#### [REQUIRED ACTION]
Print the whole listing below exactly as given, pictures excluded.

#### [DATA SECTION]

Segment Open

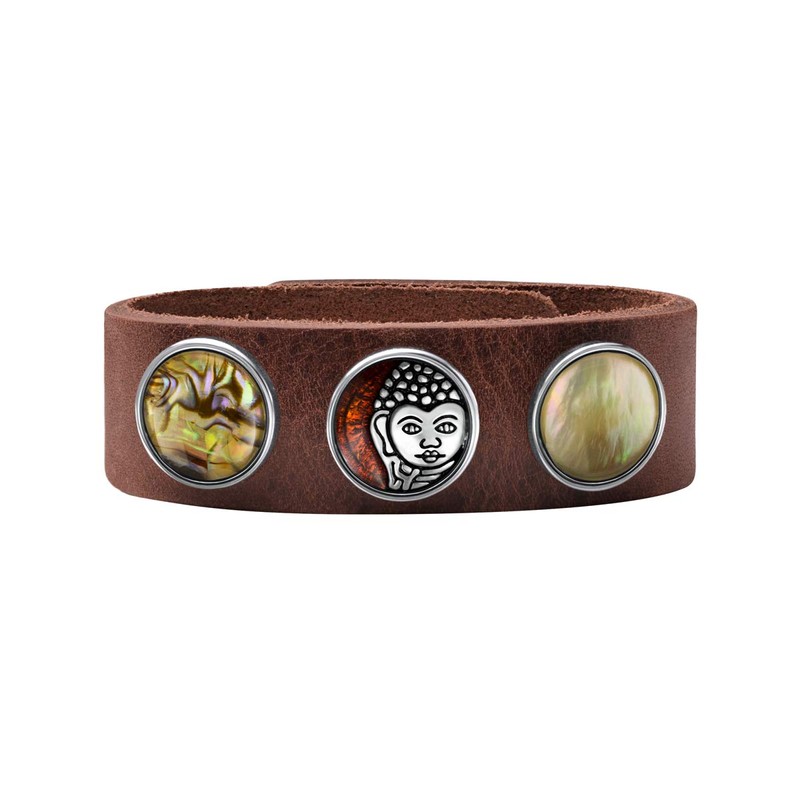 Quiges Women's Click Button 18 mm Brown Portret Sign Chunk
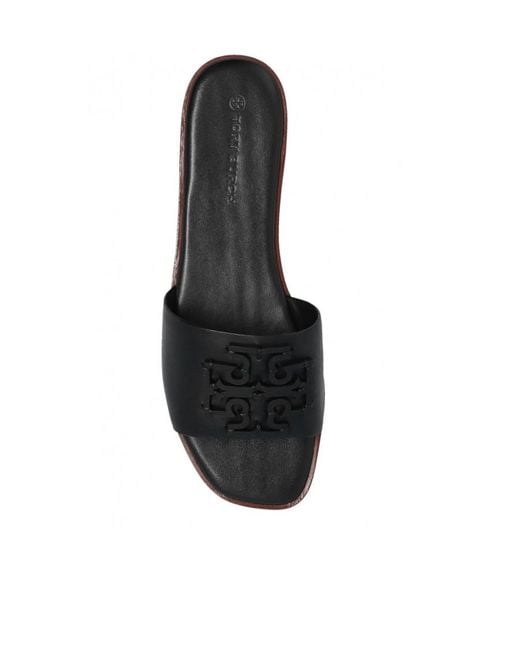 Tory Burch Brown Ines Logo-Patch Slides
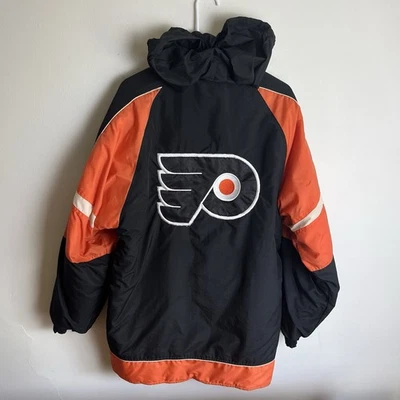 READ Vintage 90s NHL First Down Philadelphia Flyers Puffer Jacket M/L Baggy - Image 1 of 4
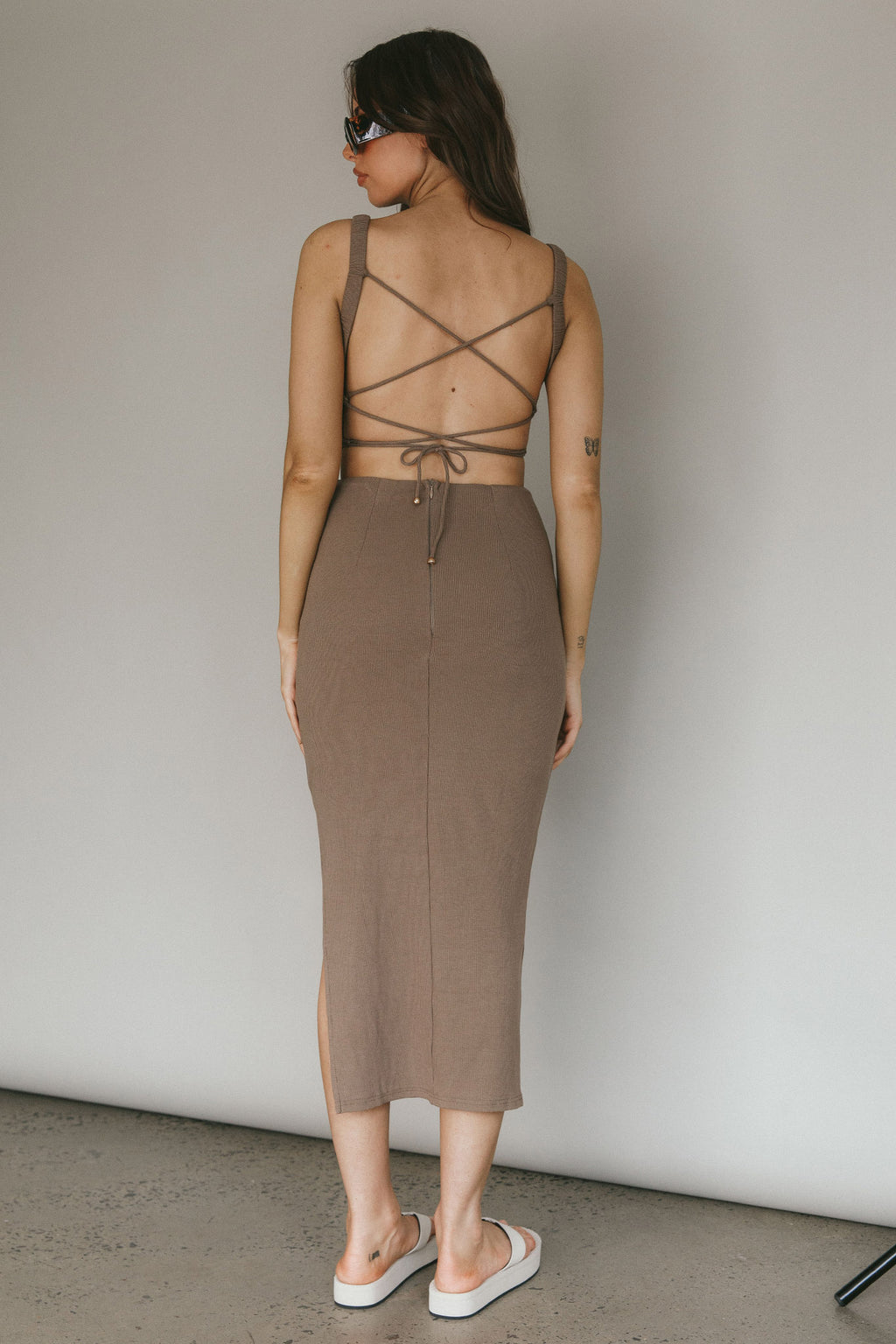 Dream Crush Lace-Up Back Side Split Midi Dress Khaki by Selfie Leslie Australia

Segment Closed

#### [TASK RESPONSE]
 Quiges Women's Click Button 18 mm Brown Portret Sign Chunk
 Tory Burch Brown Ines Logo-Patch Slides
 READ Vintage 90s NHL First Down Philadelphia Flyers Puffer Jacket M/L Baggy - Image 1 of 4
 Dream Crush Lace-Up Back Side Split Midi Dress Khaki by Selfie Leslie Australia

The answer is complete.